Selon un Livre blanc du ministère de la Défense, la principale menace à laquelle doit faire face l’Indonésie est le séparatisme et non le terrorisme

Publié le 18/03/2010




Pour les responsables militaires indonésiens, la principale menace à laquelle est confrontée la République d’Indonésie n’est pas le terrorisme mais le séparatisme et, selon un Livre blanc du ministère de la Défense, rendu public au mois de décembre dernier, cette menace appelle au maintien de la “double fonction” des forces armées indonésiennes, une armée appelée non seulement à défendre la nation contre un éventuel danger venu de l’extérieur mais aussi destinée à ouvrer au maintien de l’unité nationale à l’intérieur des frontières du pays (1).

Le 7 décembre dernier, à Djakarta, devant le Conseil pour la sécurité et la coopération en Asie-Pacifique, le major général Sudrajat, directeur du Centre de planification stratégique au ministère de la Défense indonésien, a déclaré : “Concernant la perception des menaces pesant sur l’Indonésie, il y a une incompréhension chez nos proches voisins et aux Etats-Unis. Nous pensons que l’intégrité de l’Indonésie est notre premier souci tandis que d’autres pays peuvent présumer que le terrorisme est la préoccupation principale chez tous.” Dans un pays où l’armée mène une offensive de grande ampleur contre le mouvement séparatiste GAM (Mouvement pour Aceh libre) dans la province d’Aceh (2) et où des renforts de troupes ont été envoyés à l’autre extrémité du pays, en Papouasie occidentale (3), le responsable militaire a déclaré tenir pour improbable la matérialisation de menaces classiques, telles que l’invasion de l’Indonésie ou une agression menée par un autre pays contre l’Indonésie. “De telles menaces ne viendront pas de la part de nos voisins car, selon nos calculs, Singapour, la Malaisie, les Philippines ou même l’Australie ne sont pas en position d’envahir l’Indonésie. Le seul pays qui pourrait le faire, ce sont les Etats-Unis, à condition qu’il soit prouvé que nous abritions des terroristes a-t-il précisé.

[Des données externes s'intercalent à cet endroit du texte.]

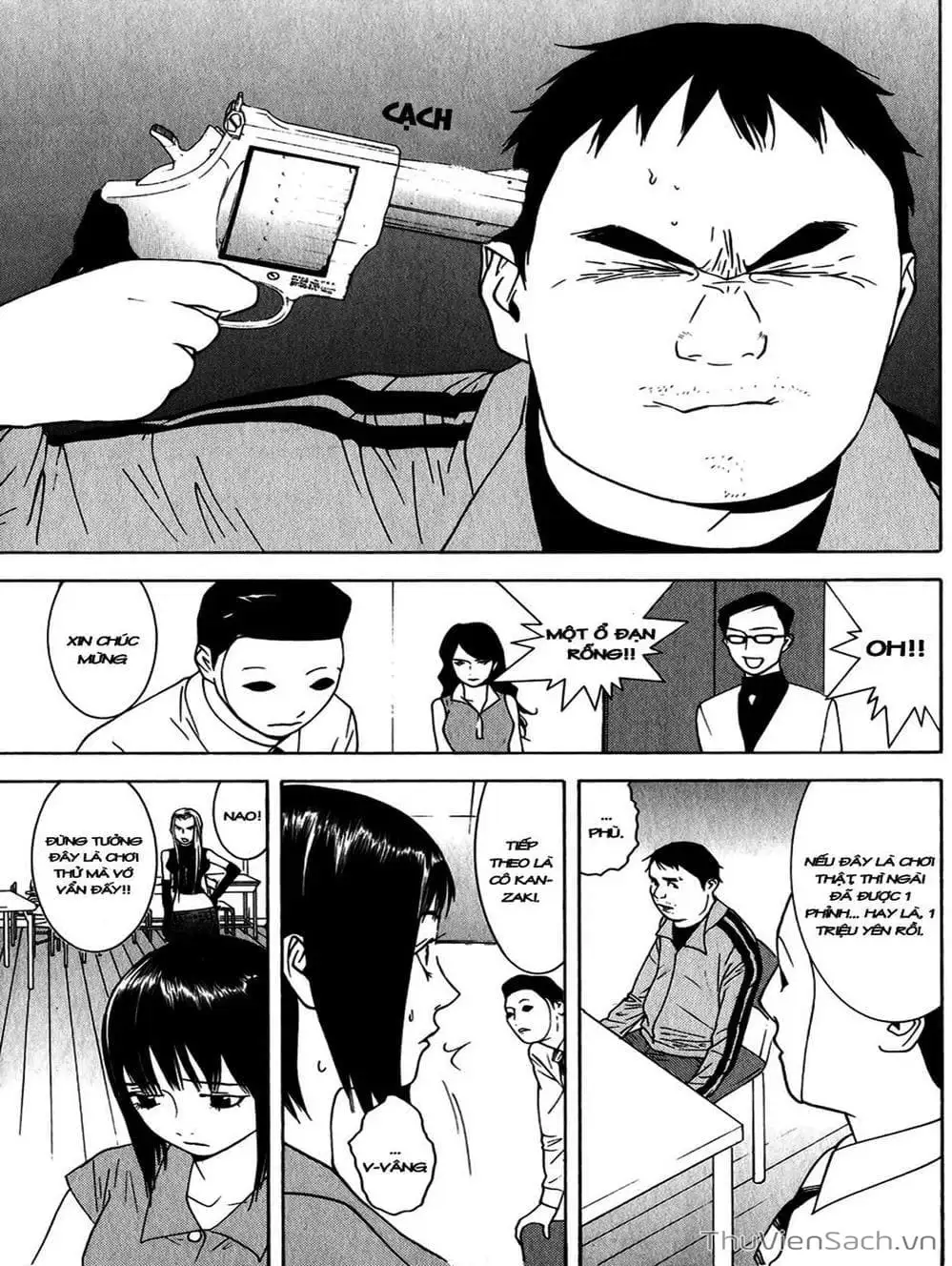 Truyện Tranh Trò Chơi Dối Trá - Liar Game trang 4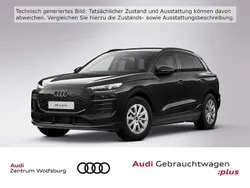 Mythosschwarz metallic (metallic) Gebraucht 2024 Audi Q6 e-tron Ambiente SUV | 69.980 € (Fairer Preis)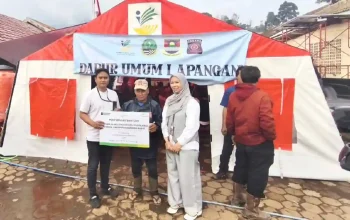 Pegadaian Kanwil X Jabar salurkan bantuan korban longsor Cisarua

Or, aujourd’hui, selon ce Livre blanc, ce ne sont pas les terroristes qui menacent la stabilité de l’Indonésie – en dépit des attentats commis à Bali ou à Djakarta et de l’implication avérée de musulmans indonésiens au sein du réseau terroriste régional de la Jemaah Islamiah (4) -, mais les séparatistes, en même temps que la criminalité trans-frontalière, la piraterie, les enlèvements, les problèmes que connaissent les travailleurs migrants et le trafic de drogues, qui constituent la vraie menace pour l’Indonésie. Dans cette perspective, “le confinement des militaires dans leurs baraquements n’est pas notre paradigme a encore ajouté le général Sudrajat car la lutte contre ces menaces requiert la coopération de la police et de l’armée et donc le maintien de “la fonction territoriale” des TNI, les forces armées indonésiennes, afin de maintenir les soldats au contact de la société.

Pour nombre de militants des droits de l’homme en Indonésie, le maintien de “la double fonction” fait au contraire peser une menace sur la stabilité de l’Indonésie. Héritée de l’Ordre nouveau de Suharto, cette théorie est rendue responsable de l’implication de l’armée dans les domaines sociaux, économiques et politiques, une implication perçue comme un frein à la démocratisation du pays. De fait, outre le phénomène de la corruption résultant de l’implication des TNI dans la sphère économique et malgré le retrait des militaires de la scène politique, il est avéré que, depuis la chute de Suharto, certains conflits locaux ont été soit suscités soit entretenus à dessein par des militaires qui, tels des pompiers-pyromanes, justifient leur utilité par les conflits qu’ils nourrissent.